(Web page caption snippets)

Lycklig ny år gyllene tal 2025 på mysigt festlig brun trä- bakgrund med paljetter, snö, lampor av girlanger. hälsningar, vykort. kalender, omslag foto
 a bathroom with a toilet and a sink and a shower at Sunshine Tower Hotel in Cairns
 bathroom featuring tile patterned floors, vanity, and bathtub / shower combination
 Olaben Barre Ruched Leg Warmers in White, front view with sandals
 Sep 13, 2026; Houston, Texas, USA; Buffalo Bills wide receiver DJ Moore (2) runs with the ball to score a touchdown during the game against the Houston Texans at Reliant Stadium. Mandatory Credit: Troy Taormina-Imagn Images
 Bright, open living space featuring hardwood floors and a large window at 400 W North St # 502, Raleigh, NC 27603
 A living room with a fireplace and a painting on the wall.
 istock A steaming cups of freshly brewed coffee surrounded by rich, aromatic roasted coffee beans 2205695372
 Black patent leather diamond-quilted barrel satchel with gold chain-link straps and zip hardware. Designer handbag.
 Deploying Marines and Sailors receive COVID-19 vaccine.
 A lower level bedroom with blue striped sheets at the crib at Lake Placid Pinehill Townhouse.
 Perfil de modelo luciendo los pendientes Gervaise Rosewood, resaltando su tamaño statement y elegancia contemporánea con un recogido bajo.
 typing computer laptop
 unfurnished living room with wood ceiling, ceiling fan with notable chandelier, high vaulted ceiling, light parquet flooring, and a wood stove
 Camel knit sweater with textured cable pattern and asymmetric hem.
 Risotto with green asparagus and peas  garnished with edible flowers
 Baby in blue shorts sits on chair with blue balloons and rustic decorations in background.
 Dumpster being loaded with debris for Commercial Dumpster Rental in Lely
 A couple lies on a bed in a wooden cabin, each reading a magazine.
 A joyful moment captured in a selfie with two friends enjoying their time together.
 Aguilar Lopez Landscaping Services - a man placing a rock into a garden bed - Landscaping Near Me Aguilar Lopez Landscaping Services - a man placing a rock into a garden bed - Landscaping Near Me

◆ **EXERCISE**
Taking the entries above, write out exactly each line from the one holding "a bathroom with" to the one holding "Sep 13, 2026;", both included, and stop there.

◆ **ANSWER**
 a bathroom with a toilet and a sink and a shower at Sunshine Tower Hotel in Cairns
 bathroom featuring tile patterned floors, vanity, and bathtub / shower combination
 Olaben Barre Ruched Leg Warmers in White, front view with sandals
 Sep 13, 2026; Houston, Texas, USA; Buffalo Bills wide receiver DJ Moore (2) runs with the ball to score a touchdown during the game against the Houston Texans at Reliant Stadium. Mandatory Credit: Troy Taormina-Imagn Images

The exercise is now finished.